The best part is that Cueto pays them off and promises them more if they play ball, but still makes them say “yes sir.” Because he’s THE DEVIL.

Under: Two Small Complaints

1. In good fun, Pimpinela Escarlata’s gotta be the worst tag team partner ever. Mascarita Sagrada’s getting double-teamed in the ring and pinned and Pimpi’s outside “soaking it in.” It’s not like he had to fight off Bael. Nobody has to fight off Bael. Bael’s on the damn ground. Pimpi’s just clapping and staring at the crowd for a solid minute while they lose.

2. Can somebody teach Matt Striker how to say “Escarlata?” It’s like “scarlet.” The Scarlet Pimpernel. It’s not “Esca-larta.” It doesn’t seem like a huge discrepancy when you aren’t a native Spanish speaker, but it’d be like Michael Cole repeatedly calling Randy Orton “Randy Otron.”

Over: Fantasy Booking The Mysterious Asian Lady

The sneaky Asian lady who wandered into the Temple from The Nebuchadnezzar via landline phone keeps downgrading, and now she’s just working security. I would die if the payoff to this was that she just liked going to wrestling shows and hung out for a few episodes until she could talk to someone about helping set up. Like, that’s the entire story of mysterious Asian lady. We just think she’s mysterious because she’s Asian.



Over: Any And Every El Mariachi Loco Appearance

As we previewed in this week’s exclusive clip, Sexy Star takes on my vote for the very best (and possibly worst) character on the show: El Mariachi Loco, the former restaurant hand turned dancing luchador. The announce team explains that he works for tips, and that when his match is over he walks around and collects dollar bills from the audience. I just want to Citizen Kane clap everything he does.

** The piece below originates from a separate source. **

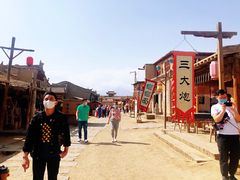 -镇北堡西部影城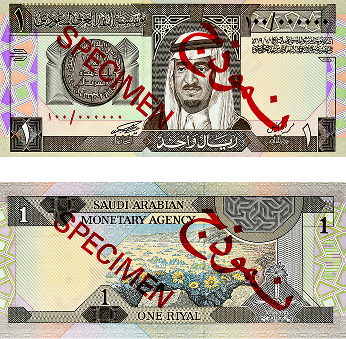 One Riyal Denomination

It’s a great match for Sexy Star, too. Since debuting in Lucha Underground, she’s been portrayed as the great underdog. Battling to prove herself against Son Of Havoc, battling to prove herself against Chavo Guerrero, and so on. Here, she’s presented on a more level playing field. She’s just a wrestler. She beats El Mariachi Loco without someone having to come out and help her do it, which is GREAT if you want to keep her moving forward as one of your marketable stars. A woman competing at this level shouldn’t be a novelty; it should be a new establishing of the rule. If you’re a good wrestler, you’re a good wrestler. You might be smaller, but not everybody bigger than you is better. The genitals aren’t as important as you think.

(I’m bringing so much money to the Temple for El Mariachi Loco, by the way.)

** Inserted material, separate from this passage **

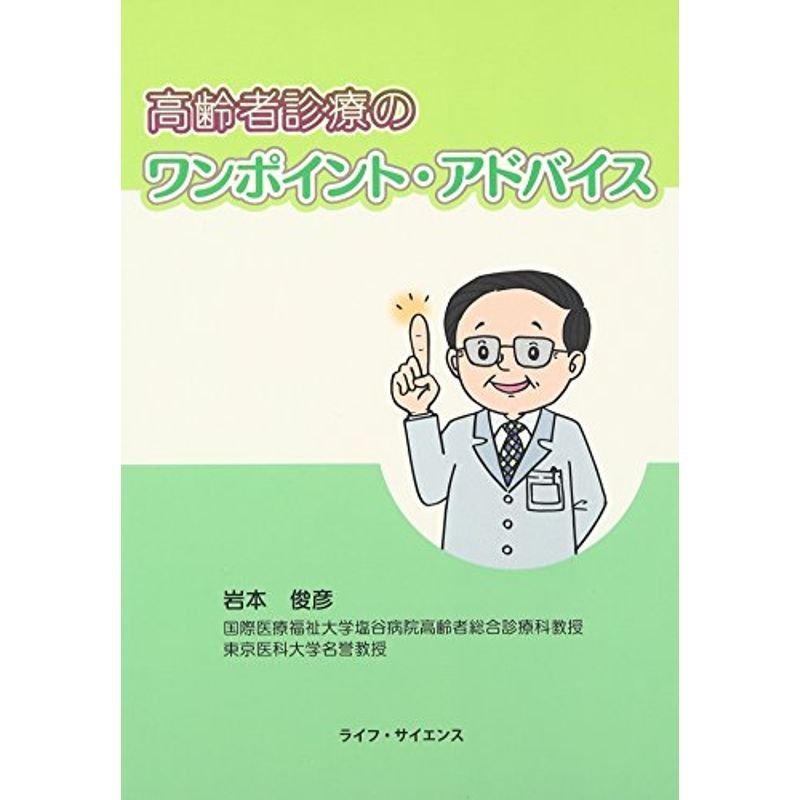 高齢者診療のワンポイント・アドバイス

Under: Striker’s Choices For The Greatest Women’s Wrestlers Ever

Trish Stratus, Lita, the Fabulous Moolah and Sherri Martel. Hey Matt, you aren’t under WWE contract anymore, you don’t have to pretend Trish and Lita were good. Weren’t you just in Japan? Couldn’t somebody toss you a Manami Toyota comp? Even Vampiro’s like “Moolah maybe, but Jesus Matt, get your shit together.”

Over: Pentagon Jr. Greater Than

Another character getting a much needed breather is Pentagon Jr. He was brought in as a guy so evil even the other rudos couldn’t work with him … a guy who got thrown out of every wrestling establishment in Mexico and had to go to Japan to train. He briefly found a partnership with Chavo Guerrero, but Chavo’s the ultimate scumbag and betrayed him the first chance he got. Now Pentagon’s alone, again, and looking for a friend.

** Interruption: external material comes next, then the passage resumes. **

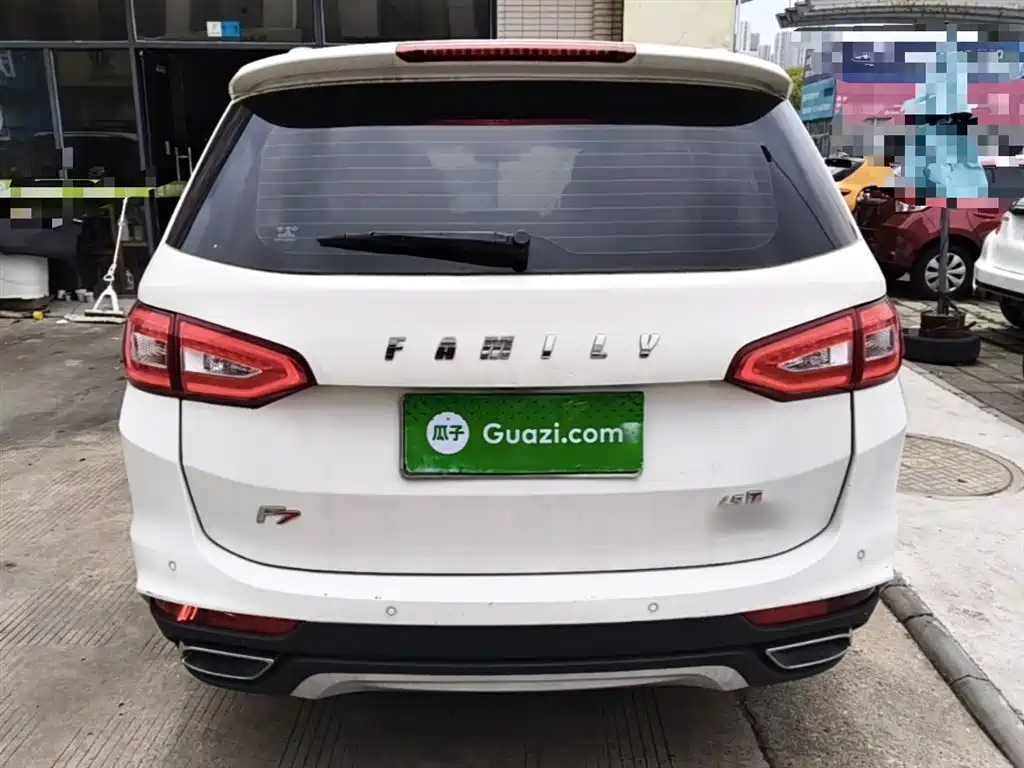 Haima Famila F7 2018 2017 1.5T 7-Seater Manual Standard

Pentagon takes on Super Fly, who’s one of those guys you feel like makes a better impression in AAA than in The Temple. There’s just nothing to him. He flips a lot and he seems good at that, but he doesn’t do a lot of moves. He just flips. He’ll run to the ropes, flip off and land on his feet while his opponent’s standing 10 feet away. He seems like he’s in it for the jumping. I dunno.

Pentagon rules, though. Everything he does looks great and has a purpose. He puts Super Fly away and announces that he’s THE MOTHERF*CKER (not his words) and that he’ll find SOMEBODY who appreciates him. I love the idea of Pentagon Jr. as the lion with a thorn in its paw, lashing out and scaring everybody because he can’t find a mouse to pull it out.

Under: Last Luchador Standing

I don’t want “under” to make you think I thought this week’s main event was bad, but it was a little disappointing.

Since the show started, one of the most interesting rivalries has been King Cuerno vs. Drago. A legendary hunter who wears a deer body to the ring “hunting” a reincarnated dragon in the body of a luchador. One’s great with a bow and arrow. The other’s great with nunchucks. You can’t get much more WAIT I WANNA SEE THAT than that.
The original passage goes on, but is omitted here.